Chez l'auteur (p. 92-93).

LES PÈLERINS


J’ai reçu hier un pastel d’un ami. Il a comme titre « Les Pèlerins ». Le sujet en est d’une tristesse poignante. C’est un poème de douleur.

Dans le soir gris et blême qui tombe sur la campagne, deux êtres, l’homme et la femme, sont arrêtés sur la route. Ils sont vieux, laids et miséreux. Ils ont marché tout le jour et sont las, exténués. Appuyé sur son bâton, le corps légèrement penché en avant, l’homme enveloppé de lamentables loques et la tête nue, regarde devant lui. Son masque effroyablement douloureux, révèle toute une existence de rebuté et de paria. Il interroge anxieusement l’espace. Où trouvera-t-il le souper et le gîte ce soir ? Troublant et difficile problème qui est le problème quotidien. La morne et douloureuse expression que l’on voit sur sa figure nous montre clairement qu’il n’espère rien. On le sent par habitude, résigné à son sort, à sa misère. À côté de lui, sa compagne, la chair douloureuse, les jambes rompues de fatigue, et les pieds meurtris, semble vouloir s’affaisser. Elle est si épuisée, qu’elle ne peut plus avancer. Elle va choir.
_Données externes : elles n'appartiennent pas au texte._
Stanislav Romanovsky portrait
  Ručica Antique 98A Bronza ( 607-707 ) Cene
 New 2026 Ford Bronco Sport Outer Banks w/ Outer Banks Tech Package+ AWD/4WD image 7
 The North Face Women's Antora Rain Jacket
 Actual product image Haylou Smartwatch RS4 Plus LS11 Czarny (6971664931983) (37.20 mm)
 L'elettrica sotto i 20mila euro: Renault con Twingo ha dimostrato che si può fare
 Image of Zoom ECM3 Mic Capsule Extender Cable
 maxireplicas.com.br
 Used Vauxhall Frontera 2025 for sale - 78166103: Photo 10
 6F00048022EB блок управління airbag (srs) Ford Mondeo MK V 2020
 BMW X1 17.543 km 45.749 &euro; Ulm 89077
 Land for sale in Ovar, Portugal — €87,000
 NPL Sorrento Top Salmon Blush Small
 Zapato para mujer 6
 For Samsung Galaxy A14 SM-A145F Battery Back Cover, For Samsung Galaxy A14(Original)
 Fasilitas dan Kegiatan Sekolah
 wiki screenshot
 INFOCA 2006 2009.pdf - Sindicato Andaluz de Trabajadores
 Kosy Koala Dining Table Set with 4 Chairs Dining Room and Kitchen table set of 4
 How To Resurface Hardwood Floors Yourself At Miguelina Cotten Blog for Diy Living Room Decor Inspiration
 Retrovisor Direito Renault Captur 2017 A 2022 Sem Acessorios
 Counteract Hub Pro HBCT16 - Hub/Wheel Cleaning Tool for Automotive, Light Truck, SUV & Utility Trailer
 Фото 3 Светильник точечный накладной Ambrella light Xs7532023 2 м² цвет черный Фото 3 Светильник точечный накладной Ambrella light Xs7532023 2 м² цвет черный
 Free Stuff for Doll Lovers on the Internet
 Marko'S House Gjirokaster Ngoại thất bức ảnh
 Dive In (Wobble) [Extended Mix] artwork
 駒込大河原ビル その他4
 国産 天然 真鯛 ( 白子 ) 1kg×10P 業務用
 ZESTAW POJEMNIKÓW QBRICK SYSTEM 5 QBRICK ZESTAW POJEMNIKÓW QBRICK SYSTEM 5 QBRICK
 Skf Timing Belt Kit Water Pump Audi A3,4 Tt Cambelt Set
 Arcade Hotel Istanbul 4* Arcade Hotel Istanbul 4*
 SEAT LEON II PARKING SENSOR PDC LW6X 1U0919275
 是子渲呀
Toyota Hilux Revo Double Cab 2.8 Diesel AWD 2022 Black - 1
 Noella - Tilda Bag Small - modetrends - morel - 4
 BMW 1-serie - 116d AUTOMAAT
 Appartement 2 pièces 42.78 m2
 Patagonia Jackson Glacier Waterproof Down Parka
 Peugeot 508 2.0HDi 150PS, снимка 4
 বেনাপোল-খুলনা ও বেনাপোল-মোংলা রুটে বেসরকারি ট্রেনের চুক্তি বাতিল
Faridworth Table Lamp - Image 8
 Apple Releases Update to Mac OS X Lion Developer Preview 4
Le soir couleur de cendre, sans un seul rayon, enveloppe les deux malheureux.

Vers quelque point du monde qu’ils se tournent, ils ne trouveront rien que rebuffades, humiliations et refus. Ils n’ont ni parents ni amis ; ils n’ont ni foyer, ni famille, ni asile. Leurs cœurs sont comme des outres gonflées d’amertume et de détresse. Ils ignorent la bonté et la pitié.

Ils vont depuis des jours et des jours, depuis des ans. Ils sont les Errants, les Déshérités, ceux qui ont reçu en patrimoine les routes de la terre, les routes sur lesquelles ils traînent et usent leurs pieds sans trêve, les routes hérissées des crocs de chiens hargneux, les routes bordées de maisons aux seuils inhospitaliers et hostiles, les routes qui traversent des champs que gardent jalousement Ceux qui Possèdent.

Ils sont les Sans Joie et les Sans Espoir. Et ce soir, comme hier, affamées et fourbues, ces deux épaves humaines reposeront leurs vieux os sur l’herbe humide, au fond d’un fossé.

Aucune étoile mystérieuse ne s’allumera jamais pour eux au fond du ciel infini pour les guider vers un toit ami, vers une table chargée de plats réconfortants, vers un lit chaud, reposant.

Ils sont les éternels pèlerins dont le refuge est la mort.

Et voilà le pastel que m’a fait remettre hier le peintre-poète Charles de Belle.